TRY IT> Exact copy, pictures excluded: print the lines from the one with "Въртяща стойка за" through the final line of the records.

EXERCISE MATERIAL>
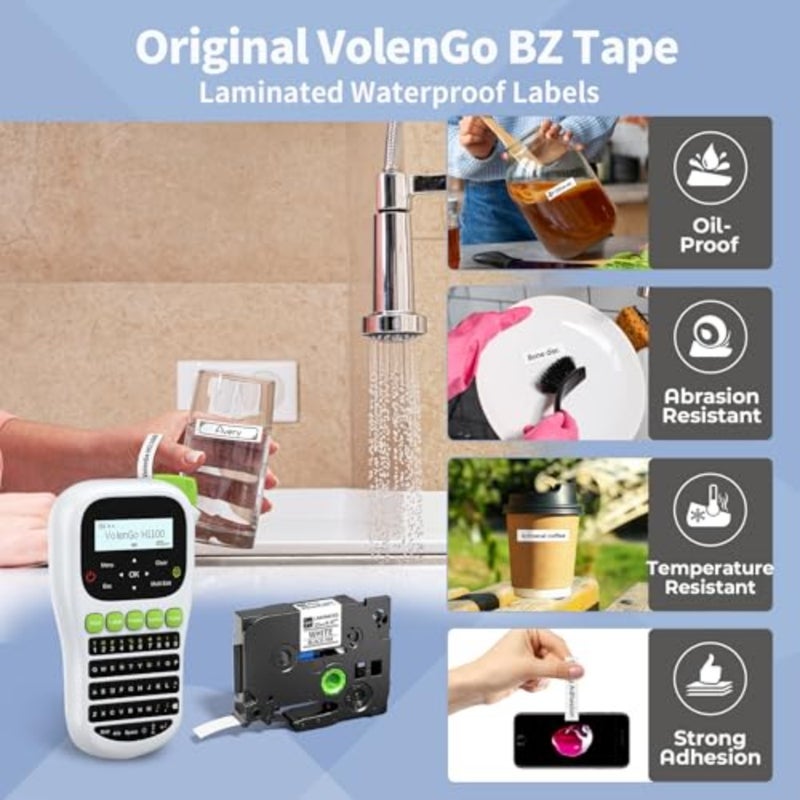 H1100 Label Maker Machine, Backlight Label Printer Waterproof Label Portable Label Machine with One-Touch Key, Handheld Label Printer Machine with 12mm Tape, For Home/School/Office - Image 3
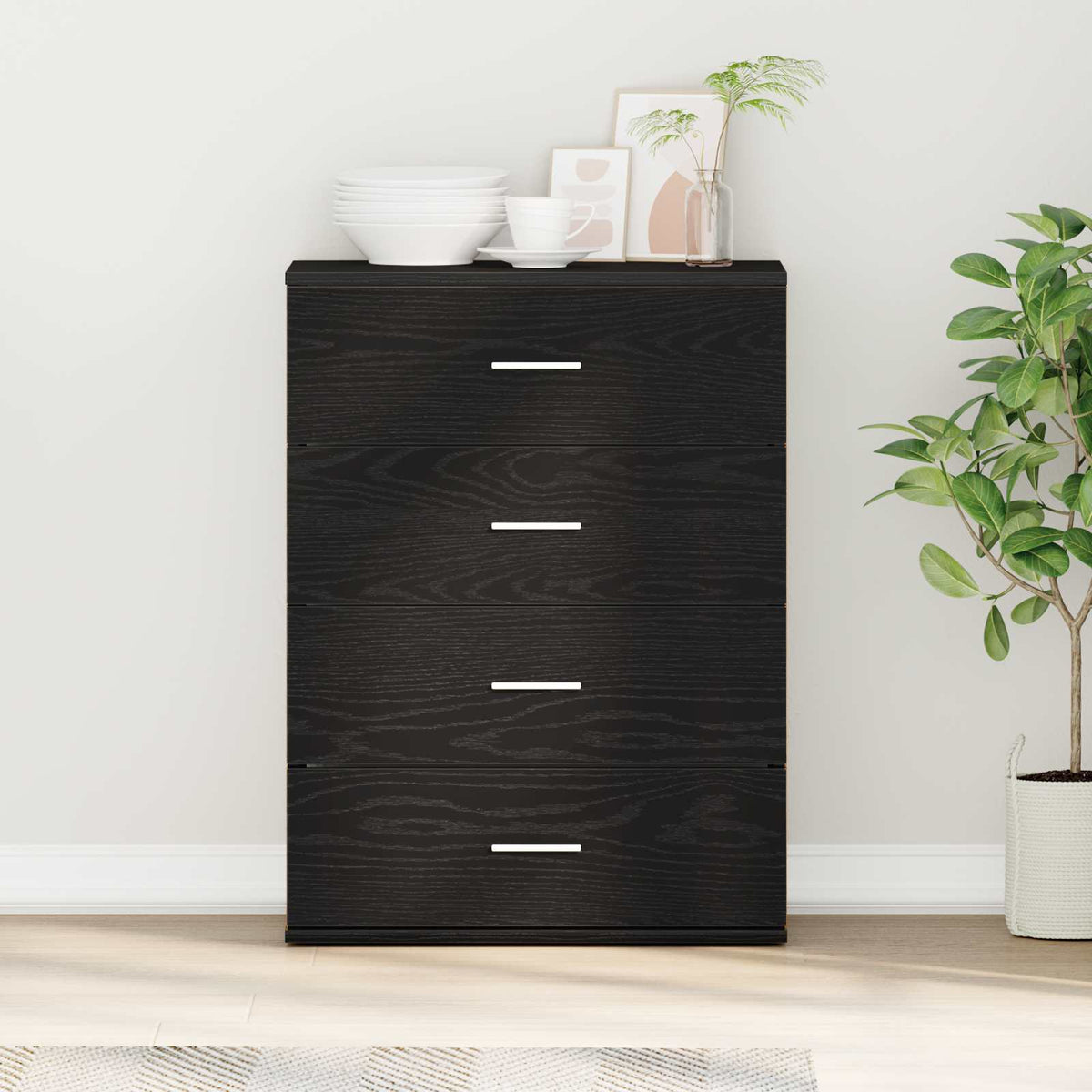 Vidaxl dressoir zwart eiken 60 x 39 x 80 cm bewerkt hout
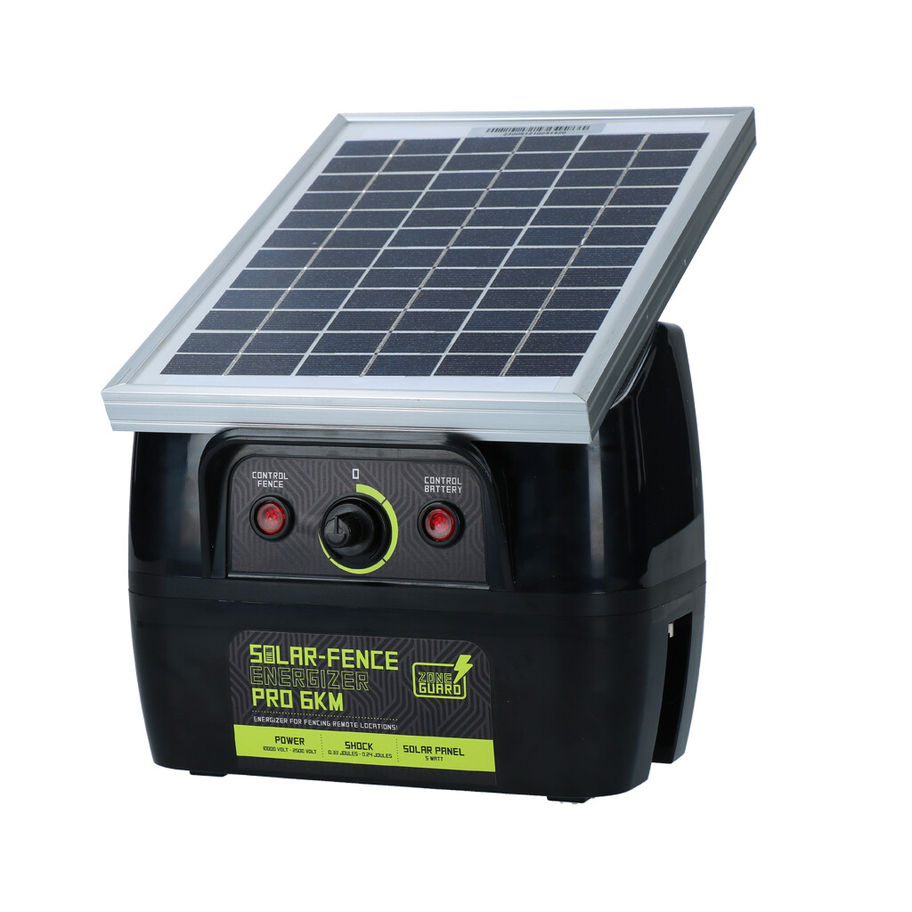 Solar Fence PHS 50, black device with solar panel and control buttons.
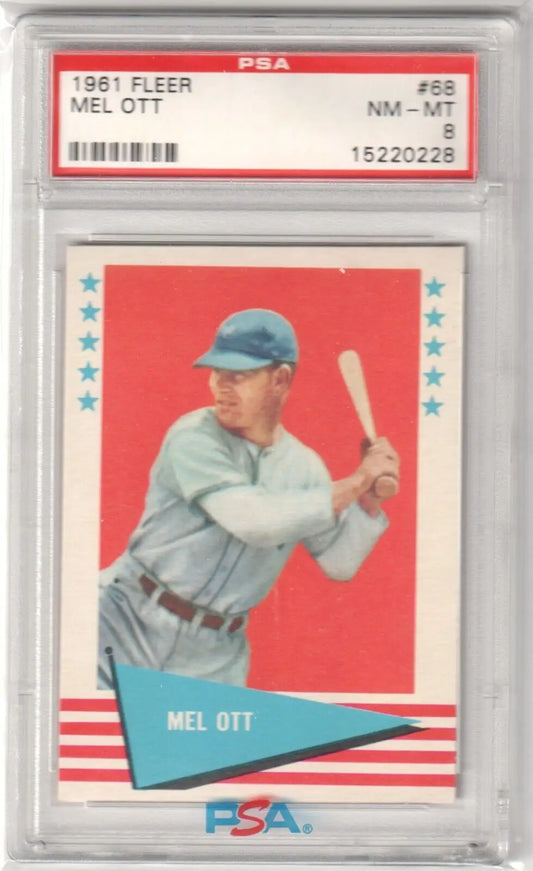 PSA-graded Mel Ott 1961 Fleer Baseball Greats card in a batting stance with blue cap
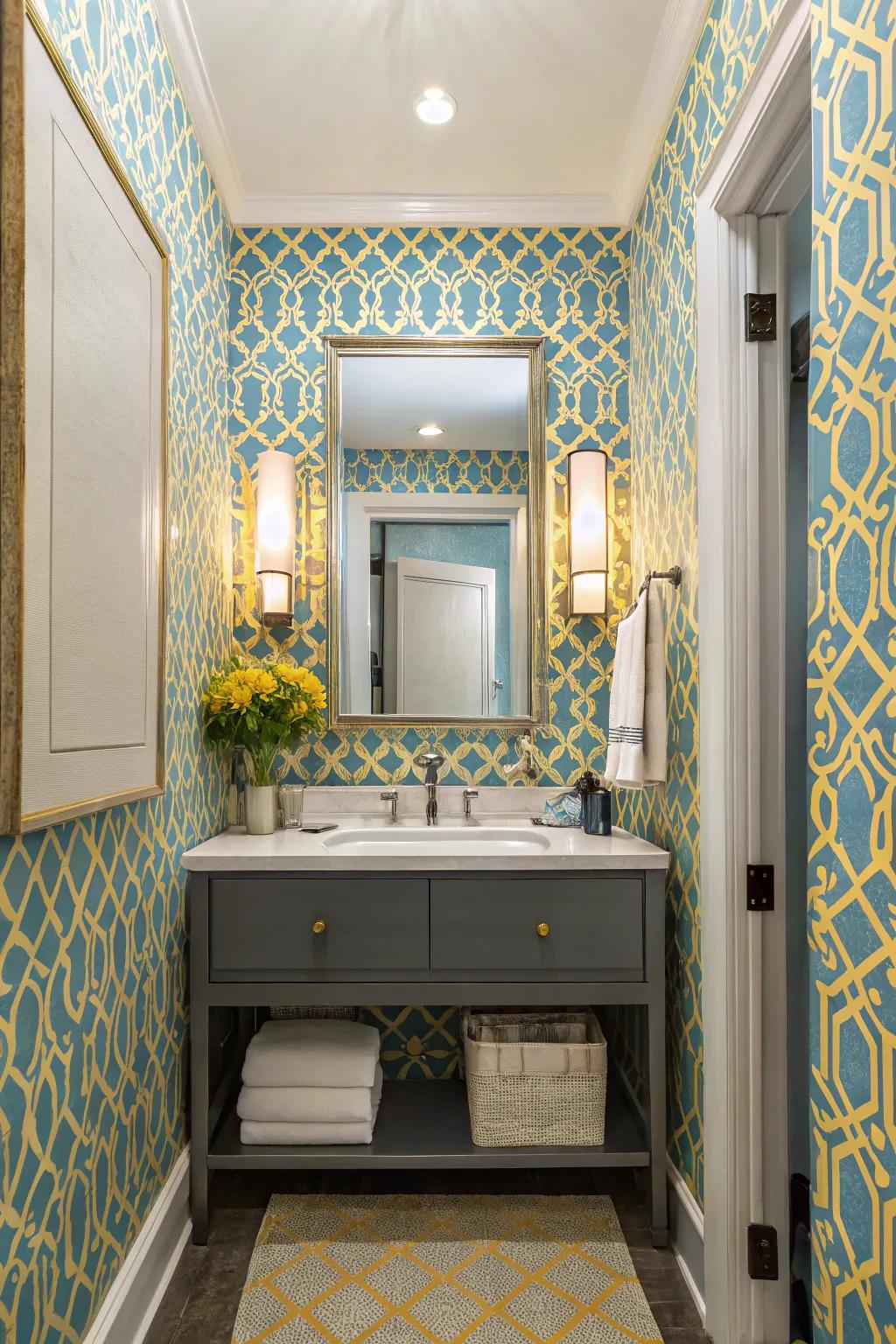 A powder room transformed with bold azure and gold wall covering.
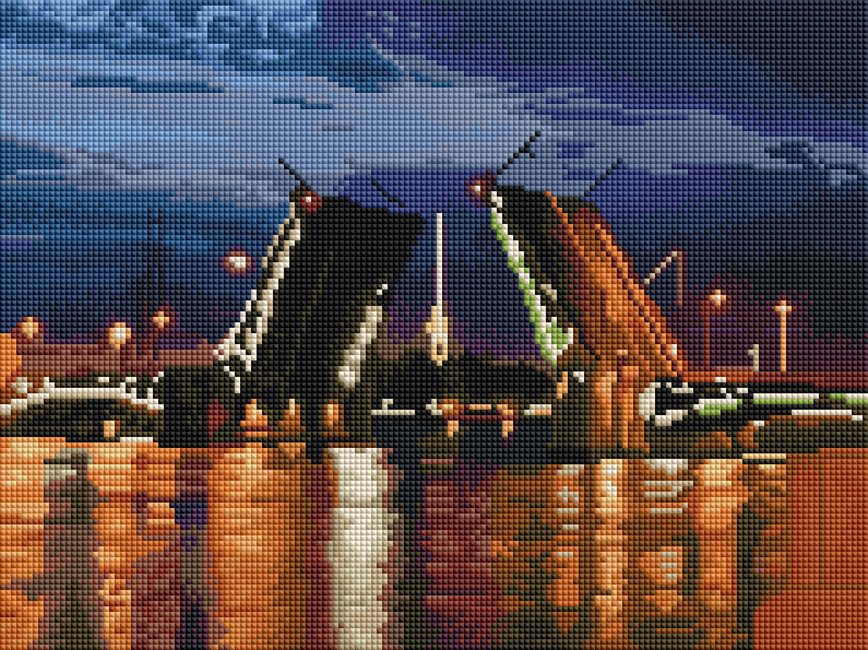 Алмазний жиопис 30х40 см "Рожевий міст" EF136, фото 1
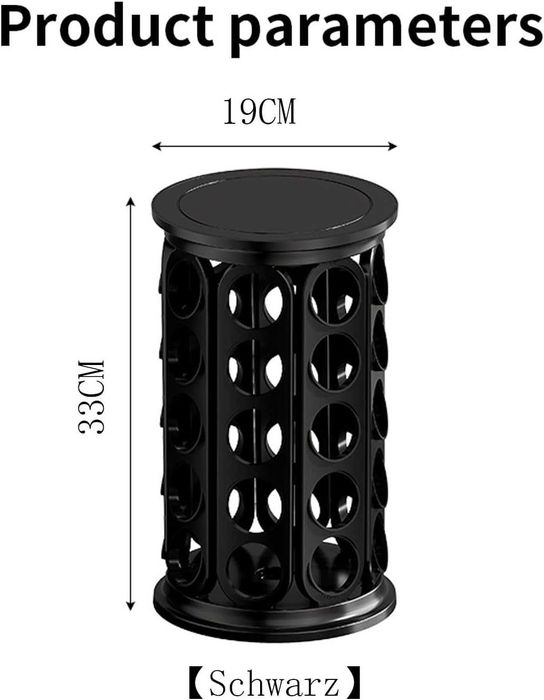 Въртяща стойка за капсули кафе до 40 броя метална черна за Dolce Gusto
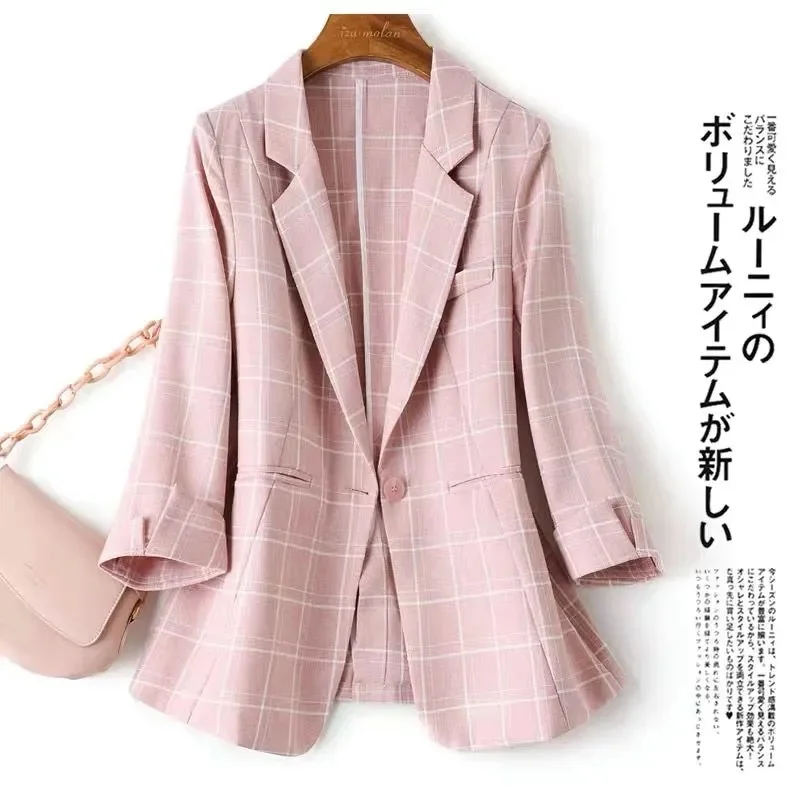 Women Blazer Plaid Coat 2024 New Summer Notched Collar Business Suits Work Office Ladies Suit Jacket Casual Vintage Blazers 4XL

PROBLEM SOLUTION>
 Въртяща стойка за капсули кафе до 40 броя метална черна за Dolce Gusto
 Women Blazer Plaid Coat 2024 New Summer Notched Collar Business Suits Work Office Ladies Suit Jacket Casual Vintage Blazers 4XL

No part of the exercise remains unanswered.